An offline-first app is an app that is able to perform all, or a critical subset of its core functionality without access to the internet. That is, it can perform some or all of its business logic offline.
Considerations for building an offline-first app start in the data layer which offers access to application data and business logic. The app may need to refresh this data from time to time from sources external to the device. In doing so, it may need to call on network resources to stay up to date.
Network availability is not always guaranteed. Devices commonly have periods of spotty or slow network connection. Users may experience the following:
- Limited internet bandwidth
- Transitory connection interruptions, such as when in an elevator or a tunnel.
- Occasional data access. For example, WiFi-only tablets.
Regardless of the reason, it is often possible for an app to function adequately in these circumstances.

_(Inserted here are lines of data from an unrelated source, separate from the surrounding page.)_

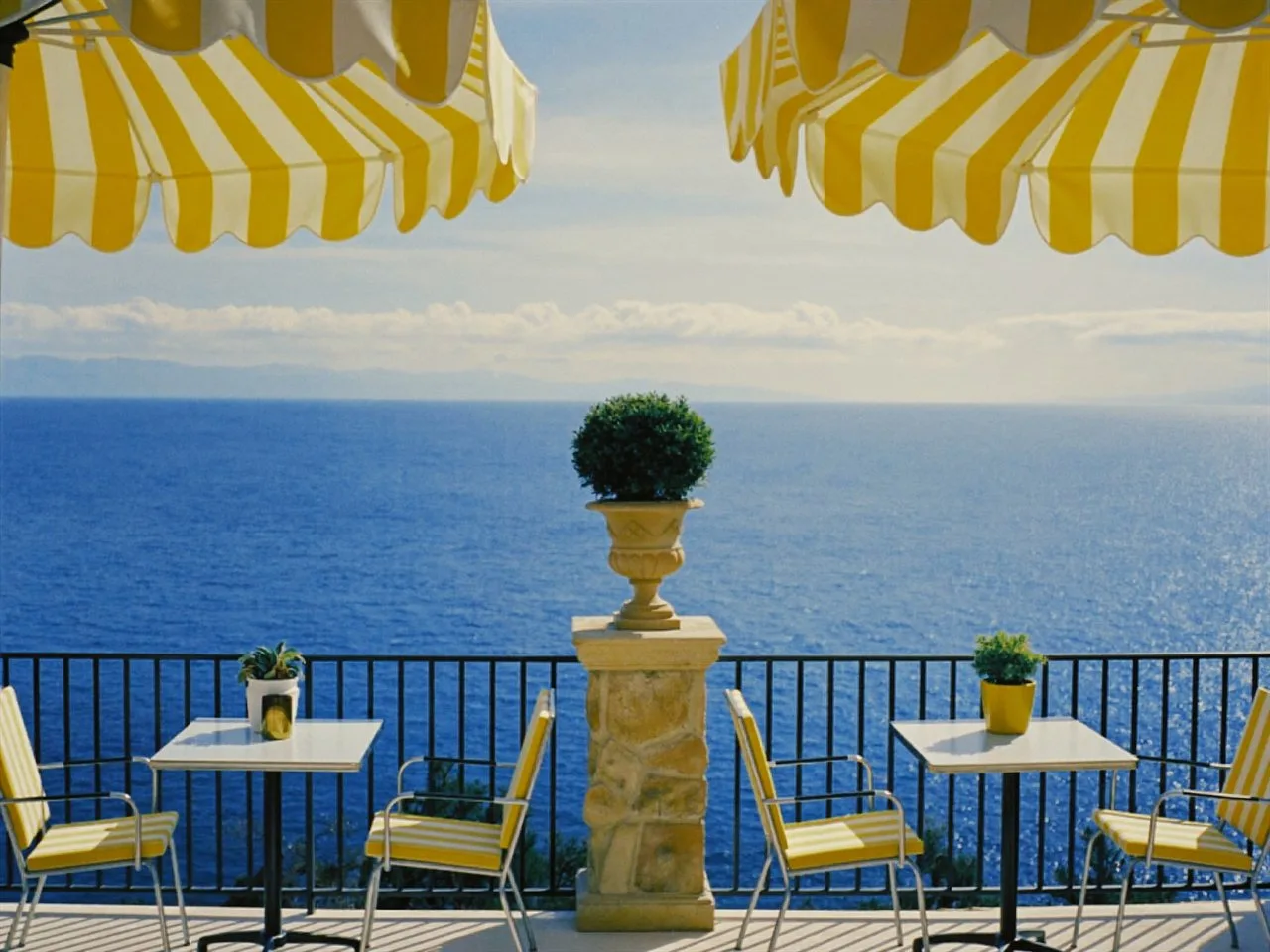Aureon 100 film stock in Chromogen, a vivid fine-grain negative: a seaside terrace under yellow striped umbrellas
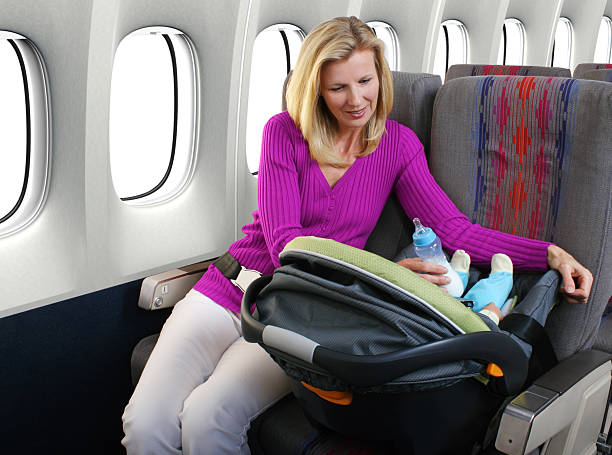 Mother And Infant Passengers  gchutka stock pictures, royalty-free photos & images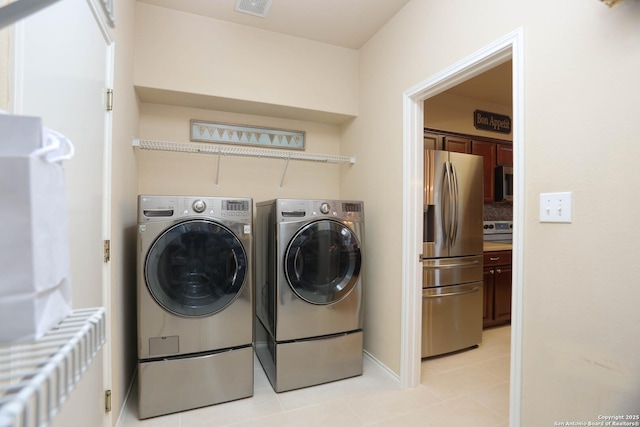 17206 Ashbury, San Antonio, TX 78247 - laundry room with separate washer and dryer, radiator heating unit, light tile patterned floors, and baseboards
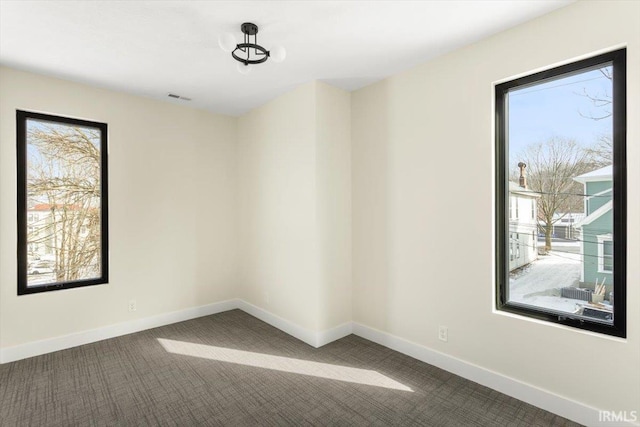 carpeted spare room with visible vents and baseboards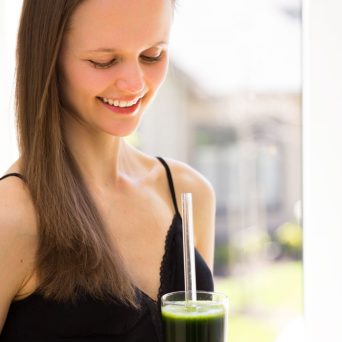 Petra Scott drinking a green smoothie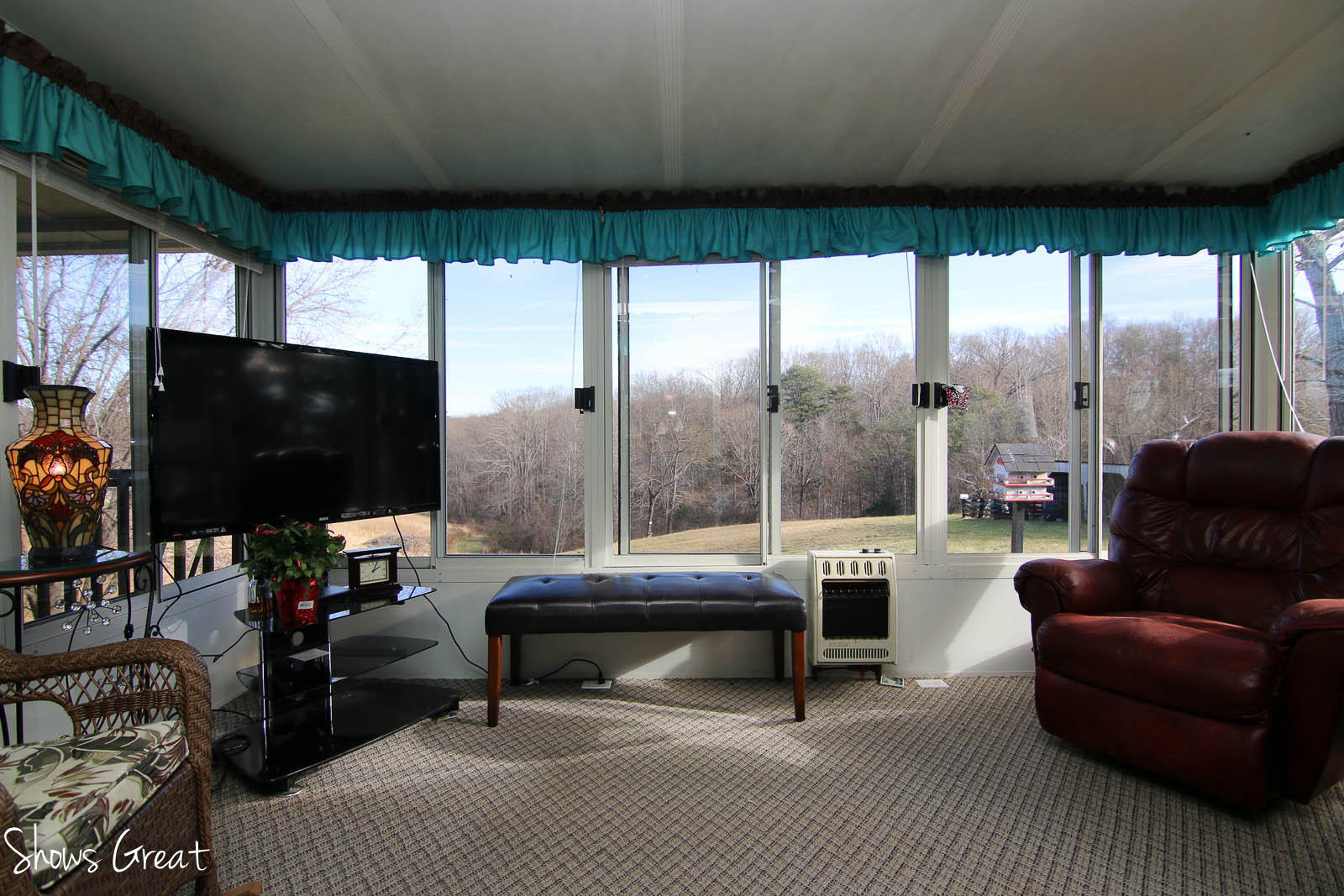 2880 Morgans Mill Road Goodview, VA 24095 - Photo 11 of 34 a living room with a large window and a flat screen tv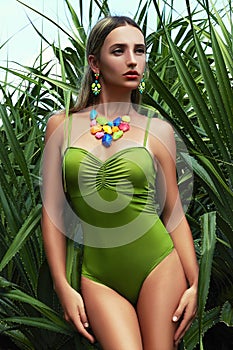 Girl in bikini on island jungle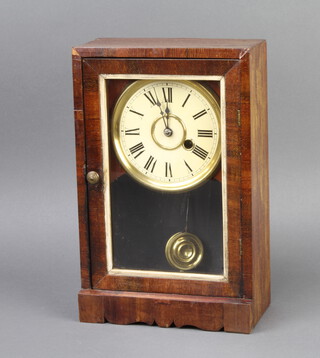An American mantel timepiece with paper dial and Roman numerals complete with pendulum and key 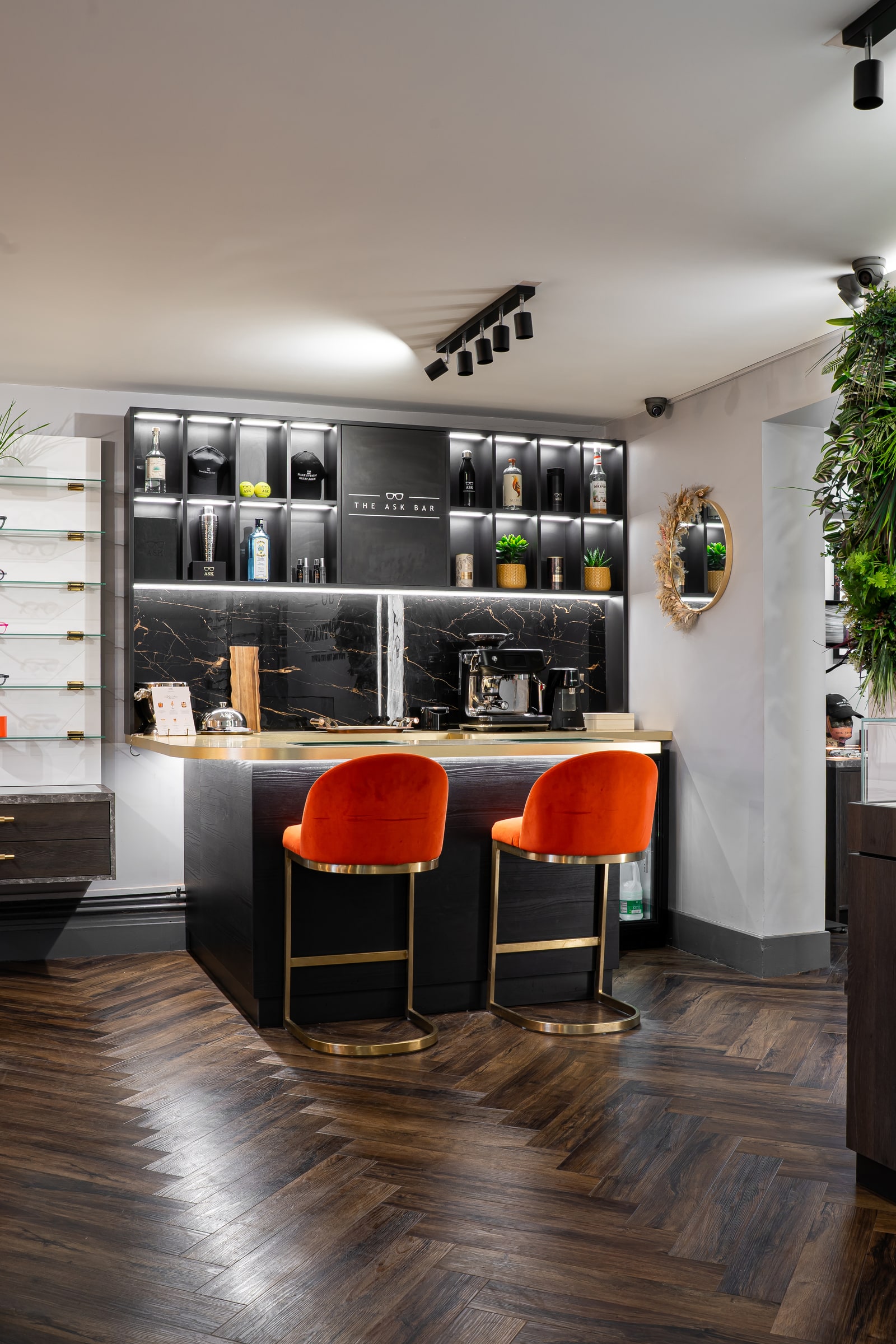 The ASK Bar with red velvet seats and illuminated shelves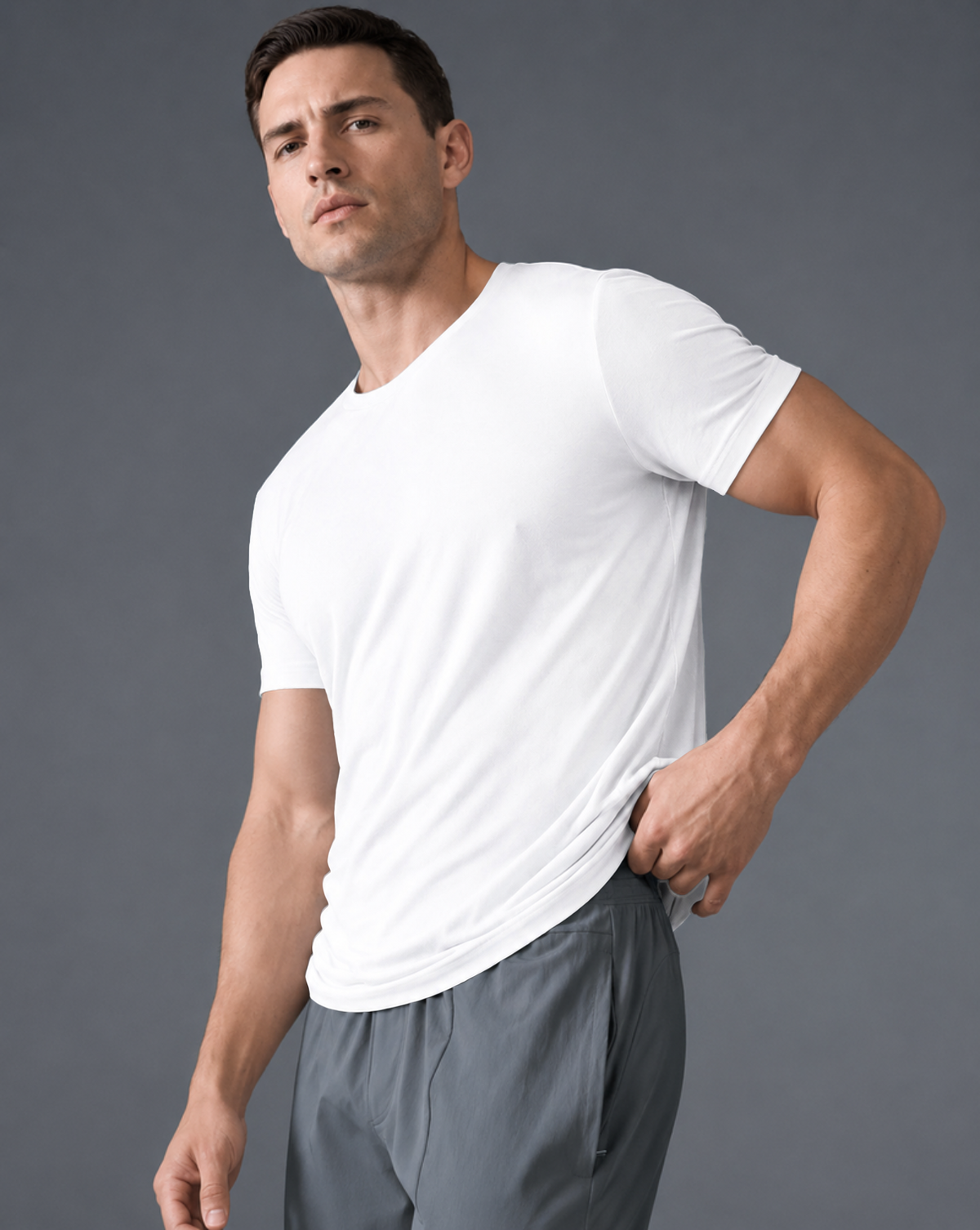 Three-quarter view of the White Relaxed Tee, with one hand resting at the waist.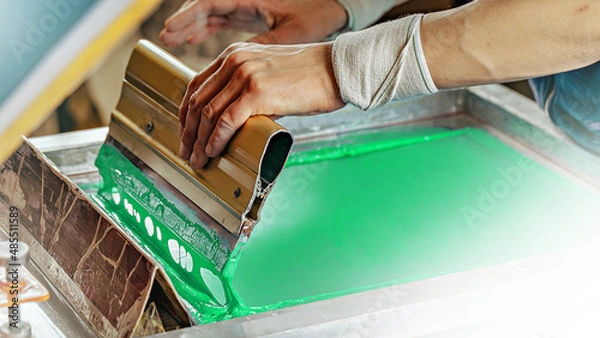 Fototapeta silk screen textile printery. male hand with a squeegee. creating print on t-shirt in workshop. serigraph printing production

To ensure that your app functions correctly offline, it should be able to do the following:
- Remain usable without a reliable network connection.
- Present users with local data immediately instead of waiting for the first network call to complete or fail.
- Fetch data in a manner that is conscious of battery and data status. For example, by only requesting data fetches under optimal conditions, such as when charging or on WiFi.
An app that can satisfy the criteria above is often called an offline-first app.
Design an offline-first app
When designing an offline-first app you should start in the data layer and the two main operations that you can perform on app data:
- Reads: Retrieving data for use by other parts of the app like displaying information to the user.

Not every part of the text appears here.